The 1997 Budget Deal - What It Means to Taxpayers

Policy Backgrounders | Taxes

No. 144
Wednesday, February 04, 1998
by Bruce Bartlett

Child Credit

"The budget would have been in near balance by 2002 without any budget deal."

The centerpiece of the tax package is the $500 per child tax credit, reducing the income tax liability for taxpayers with dependent children. While the bill does not limit the number of children to whom the credit may apply, it does limit the total amount of credit a taxpayer can claim. Also, for single taxpayers with adjusted gross incomes (AGI) above $75,000 and married couples with incomes above $110,000, the credit is reduced by $50 for each $1,000 of AGI above the threshold. The credit is not refundable.

It is not entirely clear where the idea for the child credit originated, and there is no economic rationale for it. Conservative groups had complained for several years about the "anti-family bias" in the tax code. However, this concern mainly centered on the erosion of the real value of the personal exemption.5 Unlike a tax credit, the personal exemption - which may be taken for each dependent - reduces taxable income by the amount of the exemption, rather than directly reducing one's tax liability.
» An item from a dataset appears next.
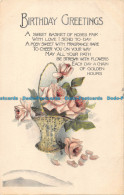 R162381 Birthday Greetings. Roses In Basket. Tuck - World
The value of the dependent personal exemption has declined in real terms by more than one-third over the last 50 years.6

"The centerpiece of the tax package is the $500 per child tax credit."

In 1991 the National Commission on Children proposed a $1,000 refundable tax credit for all children.7 This was intended as a modified negative income tax that would replace other parts of the tax and welfare systems. Economists Eugene Steuerle and Jason Juffras, authors of the $1,000 credit proposal, explained its need as follows:8

  • Households with children have borne more than their share of tax increases in the past decade.
  • Children with equal needs do not receive equal treatment in the welfare system, violating a basic principle of fairness.
  • The welfare and tax systems together create strong disincentives for low-income parents to work, marry or move to find a job.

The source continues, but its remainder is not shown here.